El buey mudo de Sicilia
Las anécdotas de
su época de estudiante nos informan del aspecto y el temperamento de Tomás, era
callado y prudente, pero todo un Aquino: grueso y de 1,90 de estatura; sus
compañeros lo apodaron “el buey mudo de Sicilia”. Alberto de Bollstädt (san
Alberto Magno), descubrió el talento de aquel alumno y lo convirtió pronto en
su discípulo. Dicen que Alberto anunció a los condiscípulos de fray Tomás: “Lo
llamáis buey mudo, pero os digo que su mugido resonará en el mundo entero”.
Tomás fue el continuador del proyecto de Alberto: conciliar el naturalismo de
Aristóteles con el espiritualismo de San Agustín. Se trataba de formular la
síntesis de razón y fe. La convicción de fondo de Alberto Magno y Tomás de
Aquino era esta: la ciencia no está contra la fe; son dos fuentes de luz para
ilustrar al hombre, cuyo origen común es el Creador.
Mientras Tomás
se preparaba para la ordenación sacerdotal y la docencia, su familia cambió de
bando; los hermanos se conjuraron contra Federico II, en 1246, Reinaldo fue
ejecutado y los otros desterrados; perdieron el señorío de Roccasecca y sólo
les quedaba Montesangiovanni en los Estados Pontificios.
La Universidad de París
La
“inteligencia” de la Cristiandad, estaba organizada como un importante gremio y
dotada de leyes propias: era como “otra” ciudad, dependía del del papa y el
rey. No respondía a la imagen de una Edad Media pacíficamente cristiana, en la
que no pasa nada, sino que durante 25 años estuvo siempre amenazada por la
huelga general, frecuentemente sacudida por alborotos, choques entre
estudiantes y fuerzas del orden y una sorda, pero feroz, lucha intestina por el
poder.
Vivió el
pensamiento. Pensó la vida,...a pie.
La segunda gran
discusión no fue por el poder, sino por las cosas sublimes. Se discutía sobre
lo más elevado y menos tangible: ¿Hay un alma inmortal?, ¿ha creado Dios el
mundo, o la materia es eterna? ¿Es igual “tiempo infinito” que eternidad? En
aquella época de las “escuelas” se hizo verdadera filosofía y no sólo teología.
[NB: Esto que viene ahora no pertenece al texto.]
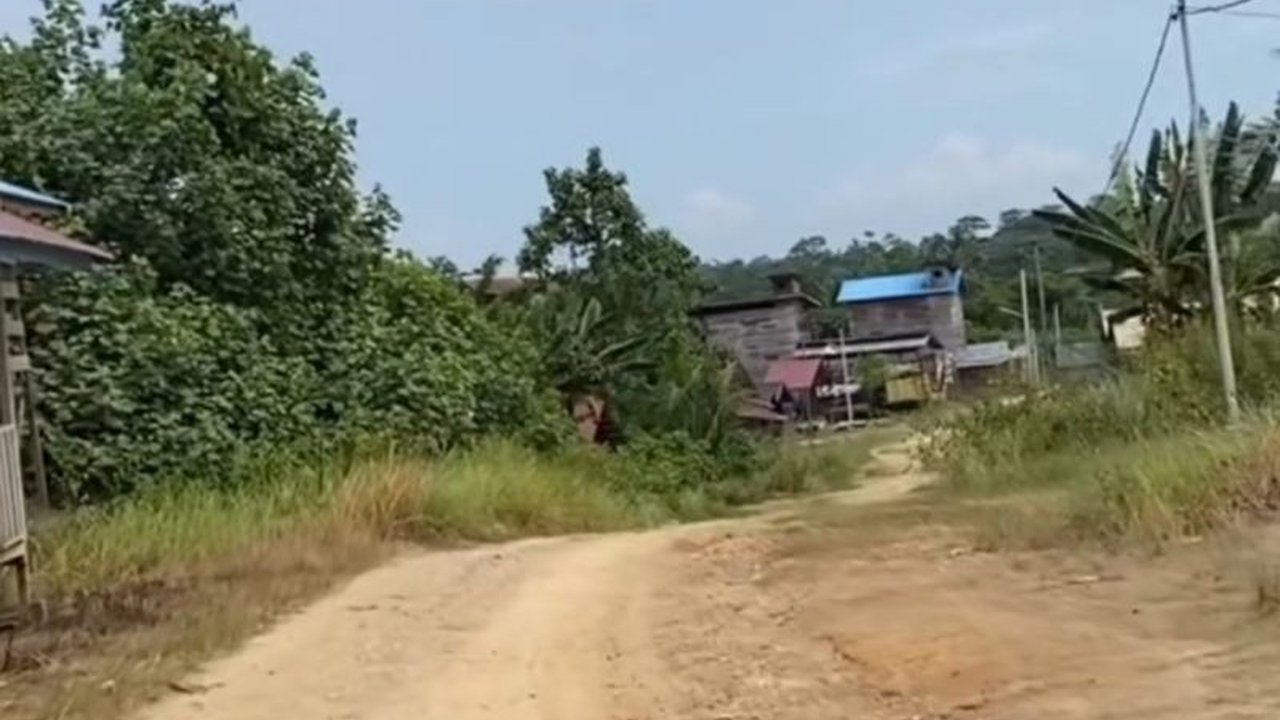 Dinas Pemberdayaan Masyarakat dan Pemerintahan Desa Kaltim menargetkan peningkatan status empat desa tertinggal di Kutai Barat menjadi desa berkembang pada tahun ini melalui intervensi pada Indeks Desa Membangun (IDM).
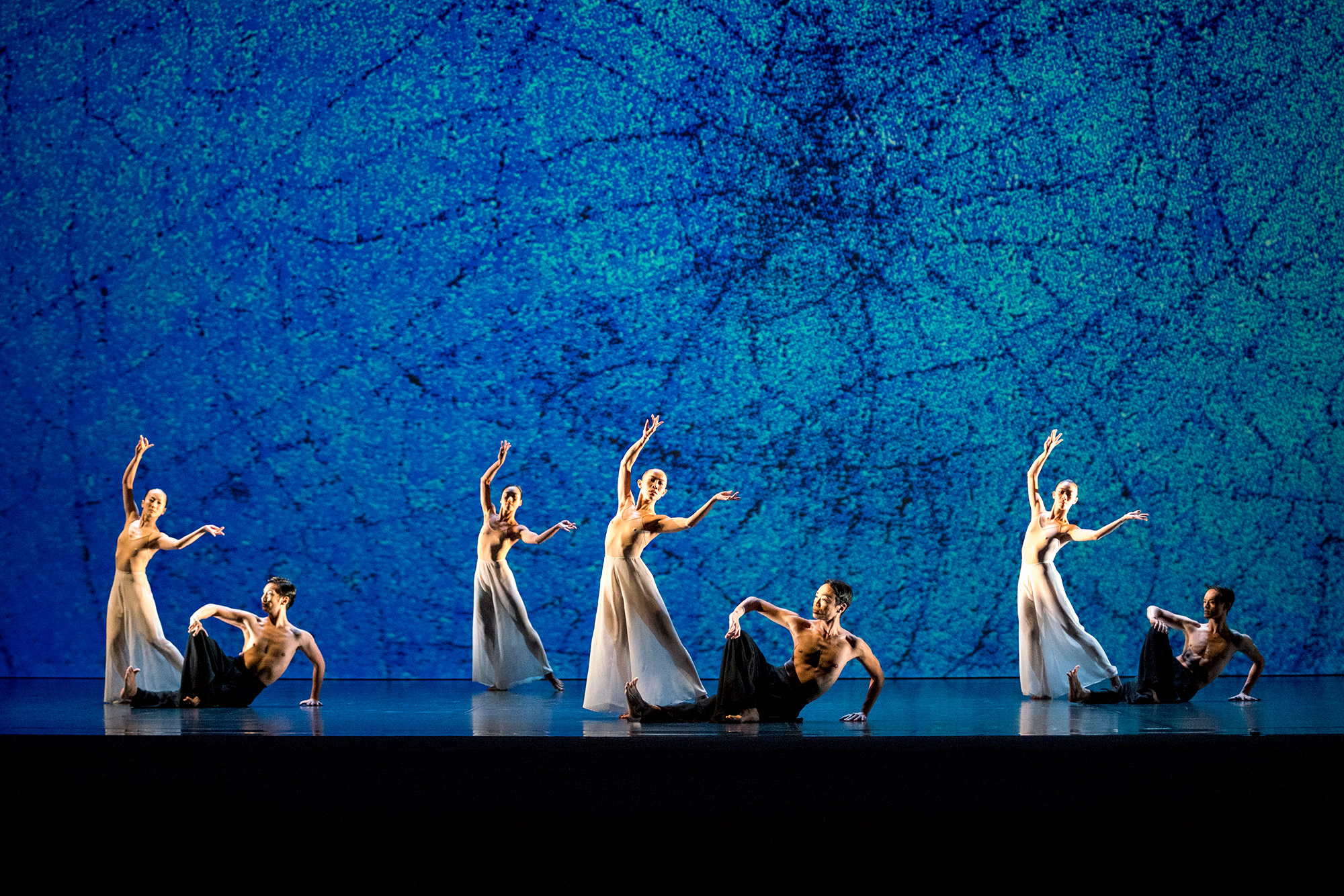 林懷民精選舞作推出久未重逢的《竹夢》。（劉振祥攝影，雲門提供）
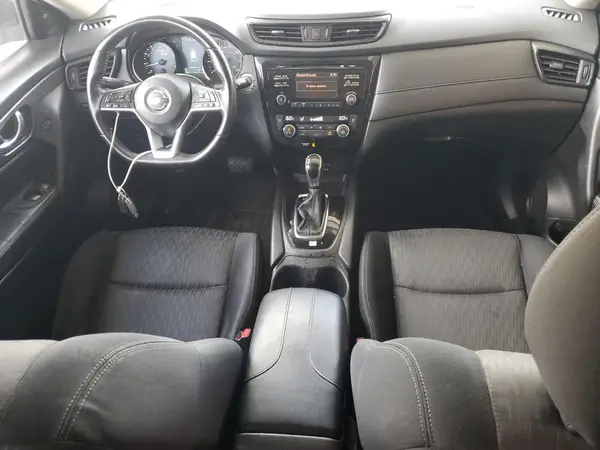 JN8AT2MT7HW395173 2017 NISSAN ROGUE - Image 8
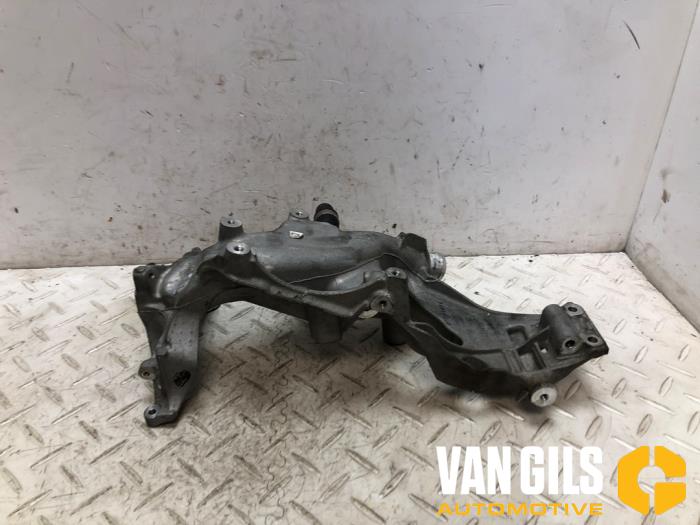 Usagé Support dynamo haut Mercedes B (W246/W242) 2.2 B-220 CDI BlueEFFICIENCY,d 16V Prix € 49,99 Règlement à la marge proposé par Van Gils Automotive
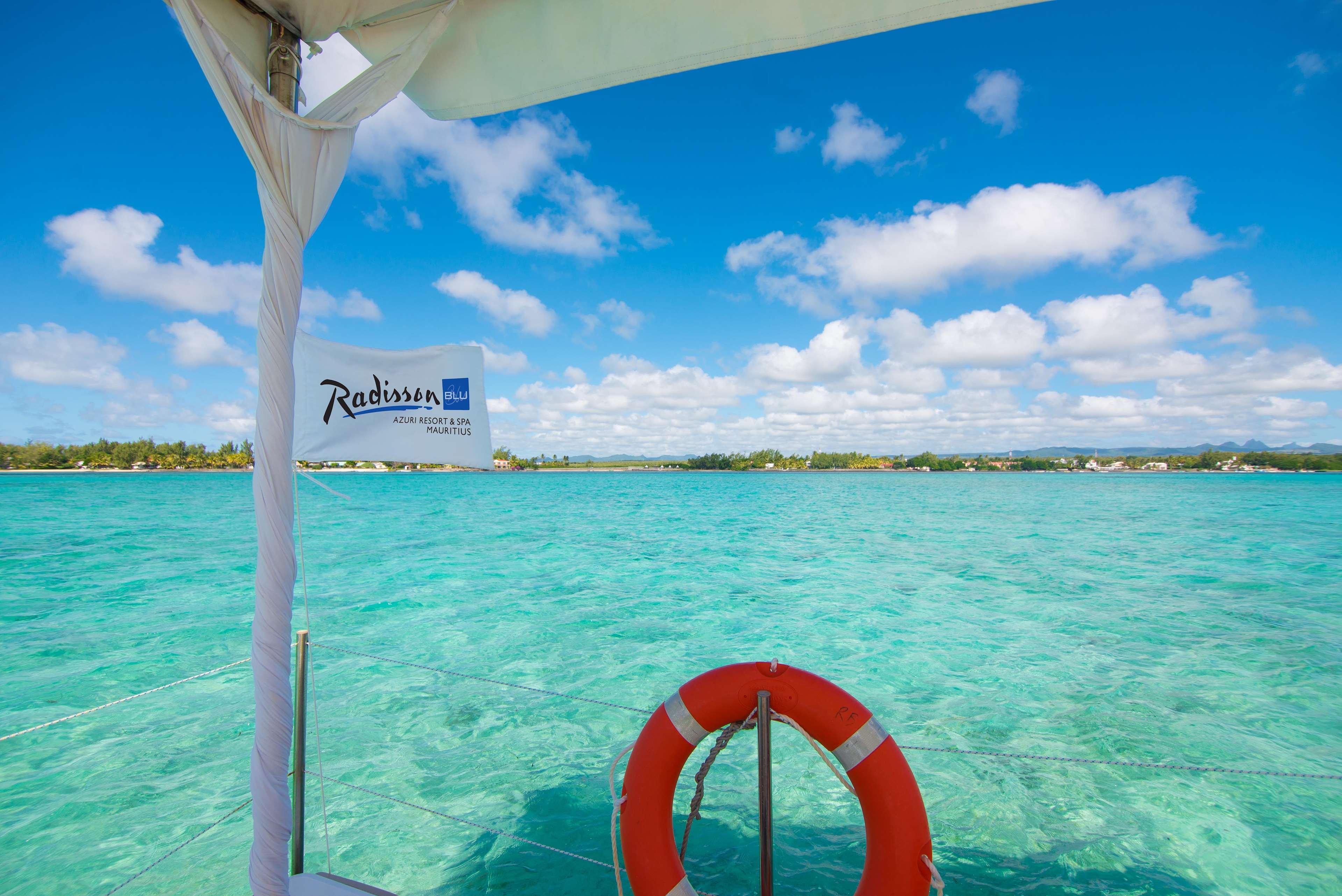 Radisson Blu Azuri & Resort Roches Noires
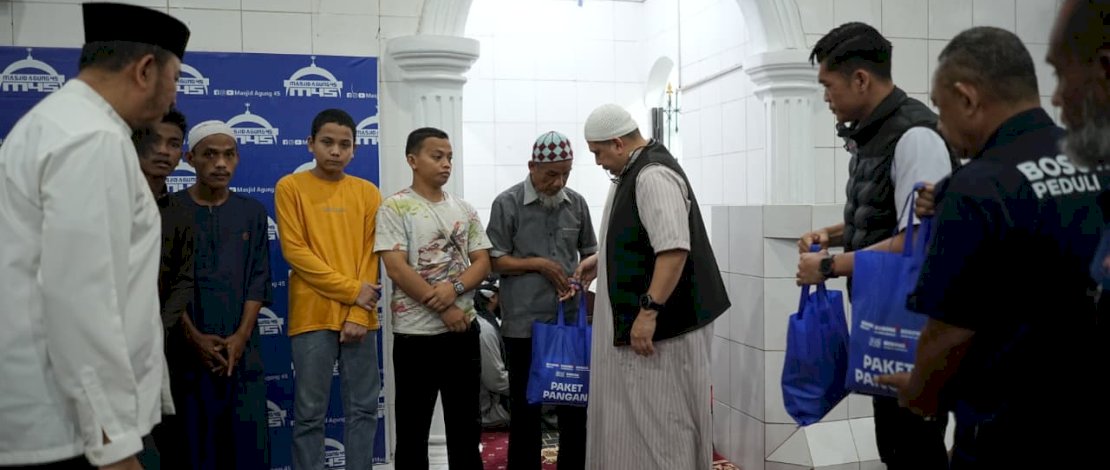 Wali Kota Makassar, Munafri Arifuddin, mengawali Salat Tarawih pertama Ramadan 1447 Hijriah dengan melaksanakan Salat Isya yang dilanjutkan Tarawih berjamaah di Masjid Agung 45 Makassar, Rabu malam, 18 Februari 2026.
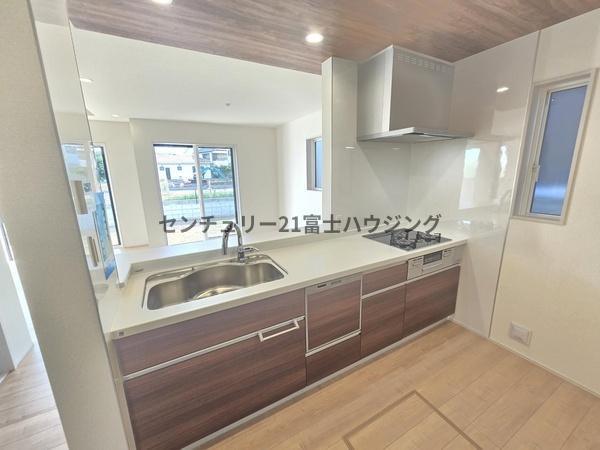 藤沢市本藤沢2丁目　新築戸建2号棟　全2棟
Lo más filosófico fue el atrevimiento de las preguntas.
Llegó a París de
profesor ayudante; accedió a la plaza oficial con sólo 31 años, y empezó a
enseñar y a escribir obras profundas, obtuvo una cátedra, y todo de 1254 a
1259. Llamado a la Curia pontificia, residió en tantas ciudades como los papas
itinerantes.La etapa italiana (1259-1268) es la más fecunda en escritos; además
organizó el sistema educativo de los dominicos y fundó su Estudio General de
Roma. Su madurez se reparte entre una segunda estancia en París (1269-1272) y
la vuelta a su Nápoles natal, con el encargo de organizar el Estudio General o
Universidad de los dominicos.
Su vida fue
leer, memorizar y meditar, a la vez que caminaba. Disculpamos así su carácter
absorto: meditaba caminando. Más que escribir, dictaba. A veces, dictaba tres libros
distintos a la vez. Aún así, su única salida de tono fue una exclamación de
alegría, sentado a la mesa del rey de Francia, pues no pudo evitar el
compromiso, ni dejar en casa sus cavilaciones.
Il buon fra Tommaso!
Fray Tomás unía el tacto del corpulento aristócrata, un
corazón ardiente de poeta enamorado, que exclama ante la Eucaristía: “Adoro te
devote, latens deitas!” La unión en un solo hombre de una inteligencia
superdotada, la flema de un buey de arar y la pasión con que se aferró a la
pobreza y al amor divino, hacían de él un “todo terreno” para las luchas
universitarias. El tiempo dio la razón a Alberto. El rey Luis IX (san Luis de
Francia) también se percató de la categoría del fraile y se aconsejaba de él,
antes de tomar decisiones importantes. El Papa Urbano IV lo llamó a su lado y
lo convirtió en teólogo de la Casa Pontificia, le encargó libros y el oficio de
la fiesta del Corpus Christi, para la que compuso Tomás algunos de los himnos
litúrgicos más conocidos, sensibles y profundos: “Pange lingua”, “Lauda
Sion”... A su muerte, el Rector y la Facultad de Artes de París escribieron una
sentidísima carta al capítulo general de Lyón, pidiendo el cuerpo de quien
había sido honor de la Universidad, luz de las inteligencias. Se había ganado a
los belicosos parisinos.
El “ojo crítico”
de Tomás fue extraordinario: señaló que algunos libros atribuidos a Aristóteles
eran obras platónicas y la filología moderna le ha dado la razón. De ahí la
necesidad de textos fiables, y Guillermo de Moerbeke, tradujo Aristóteles al
latín, para él, directamente de manuscritos griegos.
Se piensa en los
genios como seres fríos y distantes; pero fray Tomás era próximo. Sus
estudiantes le llamaban il buon fra Tommaso; solían rodearlo y hablar con él.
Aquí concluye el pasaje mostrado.